CHAPTER XIII.
JERICHO.
THE 15th of November, 1873, dawned, and the tents of the Survey Camp were once more struck, on a rainy morning, and packed wet on the small Bedawîn camels, the loading of which gave us much more trouble than that of the larger pack animals of the peasantry. We were starting on an anxious and difficult undertaking, and were to attempt what no European had ever done before, in settling down for several months to life in the wild and unhealthy district of the Ghôr, in order to survey it with an amount of accuracy of detail equal to that which we had obtained in the more civilised country of the settled population.
Through the white desert of the Bukei’a we marched north to a deep gorge, and descended into the broad flat plain of Jericho—a dusty expanse, with a black oasis of trees near the hills, and a black line of jungle round Jordan.
In this descent we came for the first time upon beds of the curious “stink-stone,” or bituminous shale, probably part of the bed of a former Salt Sea at a higher level. It is a rock outwardly white like limestone, inwardly black, with a strong odour, and burning freely; here also the knolls and peaks of marl are striped with pink and yellow, and interstratified with great layers of flint.
Reaching Jericho we were again disappointed.

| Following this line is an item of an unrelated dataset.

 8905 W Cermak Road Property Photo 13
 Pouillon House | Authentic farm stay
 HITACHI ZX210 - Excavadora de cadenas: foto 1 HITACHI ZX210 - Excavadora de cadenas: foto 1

The long groves which appear so charming at a distance are entirely composed of thorny shrubs. The Dôm or Zizyphus grows into a tree, with small green leaves and formidable prickles; the Nebk, another species, forms long hedges of briar, of which it is said the cruel Crown of Thorns was woven, for which reason it is called Spina Christi. The Zakkûm or balsam-tree (Balanites) is equally thorny, and beneath these grow poisonous nightshades, and other noxious plants. The distant beauty of the groves is only a mockery, and the environs of Jericho, when reached, are as stony and unlovely as any other part of the country.

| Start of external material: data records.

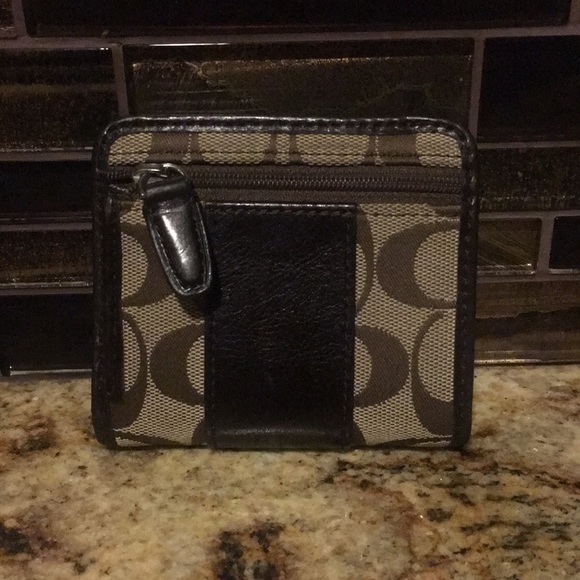 Coach wallet - Picture 2 of 6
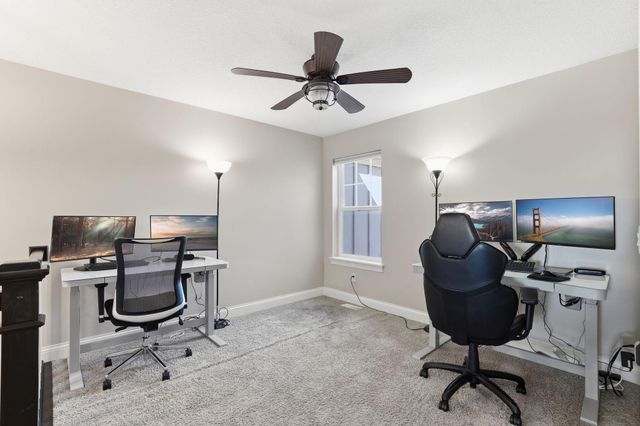 3201 Countryside Court E, Woodbury, MN 55129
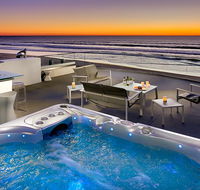 3415 - Beauty on the Beach Seven-Bedroom Holiday Home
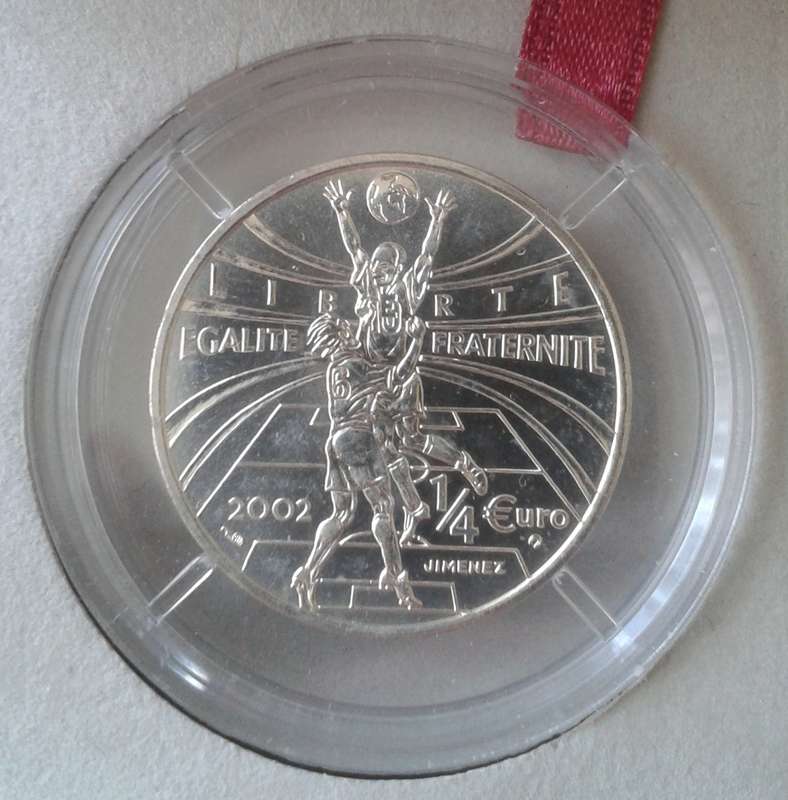 Scarce 2002 France brilliant uncirculated silver 1/4 Euro in box (World Cup Soccer)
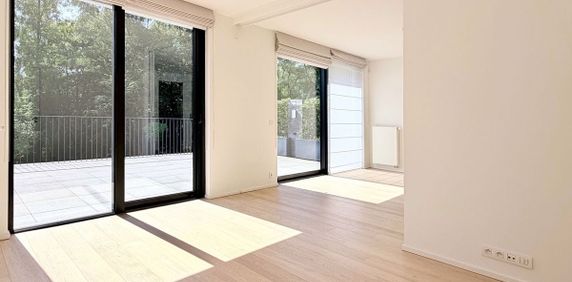 Gelijkvloers app. te huur in La Hulpe voor € 2.300 met 2 slaapkamers - foto 2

Yet, in some respects, the place is still charming. Here, late in autumn, the sound of running water, and the song of birds greeted our ears. Among the high mounds, or Tellûl, bare and dusty, a fresh beautiful stream was flowing from ’Ain es Sultân, the site of the first Jericho. The great spring wells up in a stony pool, under a high hillock, and opposite to this Tell is a jungle crowned by a very large castor-oil tree and other thick foliage. In this grateful shade the birds have found a retreat. The great grey shrikes (Abu Zereik) sit on the top branches, and the queer “hopping thrushes,” with their tails stuck up like rapiers, bound about beneath. The bulbul also sings in the groves—a grey bird with a black head and a curious yellow patch at the root of the tail. Still more beautiful are the great Smyrna kingfishers (Abu Nukr), in their blue coats and chocolate-coloured waistcoats, white-throated, with bills like red sealing-wax; and the grey African species (Abu Kubeia), which also flutters above the stream. Last, but not least, come the lovely sun-birds (Suweid), peculiar to the Jordan Valley, darting about like little black wrens, but resplendent, when seen close, with all the colours of the prism.

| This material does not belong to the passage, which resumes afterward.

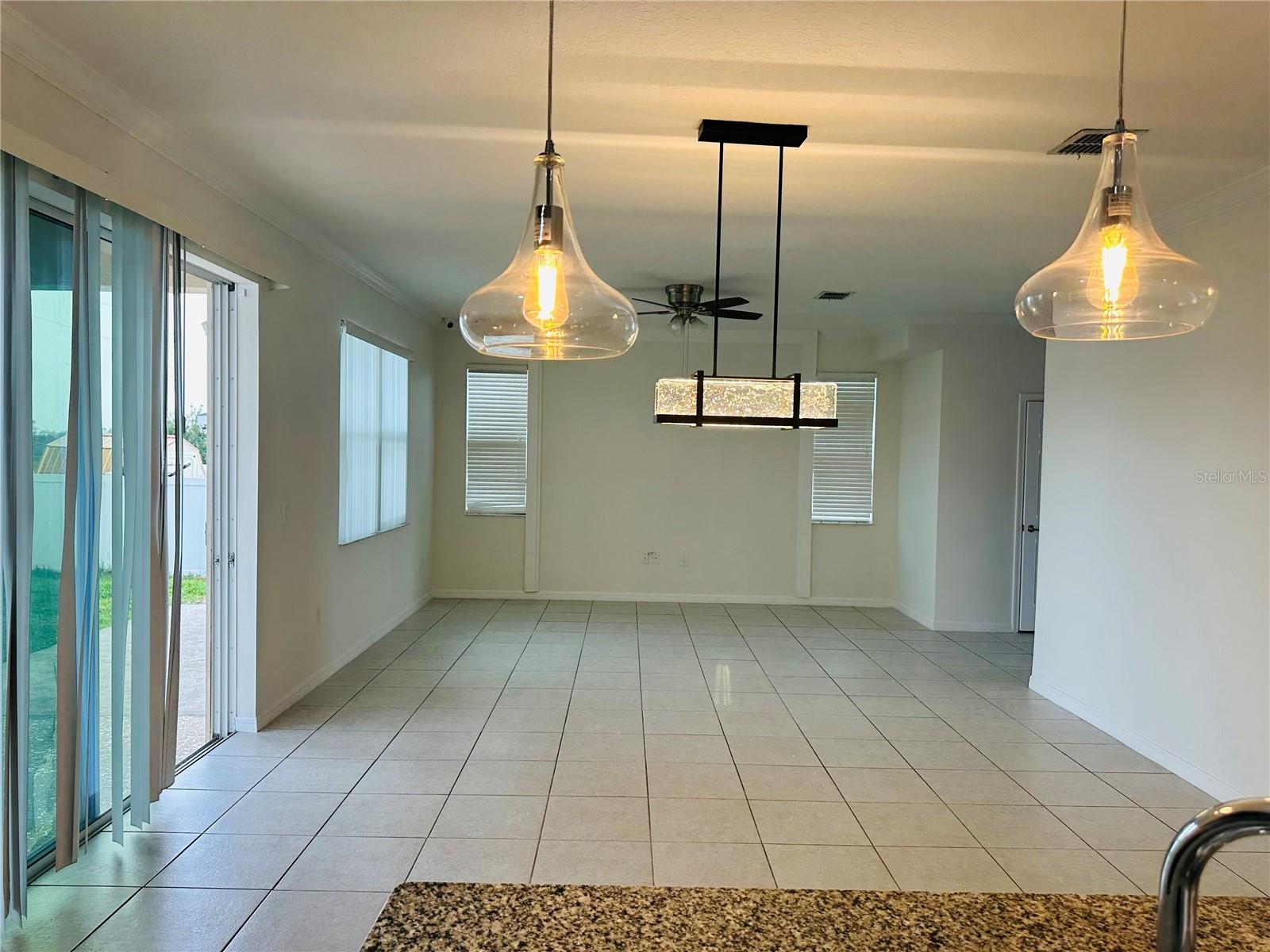 Image 4 of 14 For 340 Jyoti Drive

The days were short, for night comes on in the valley almost an hour earlier than on the hills; but on awaking next morning early, the view from the tents on every side was very fine. To the south we looked out over the long thorn-groves, towards the open plain stretching for eight miles to the Dead Sea, which appeared as a gleaming thread, shut in by long dim ridges of mountain, while the square tower of the modern Erîha or Jericho appeared in mid distance. In the early morning I looked out, and saw the long steel-blue ranges capped with rolling wreaths of cloud, behind which the ruddy streak of dawn ran out, the very light which, morning after morning, used to be watched by the priests in the Temple, gradually spreading towards the Hebron mountains.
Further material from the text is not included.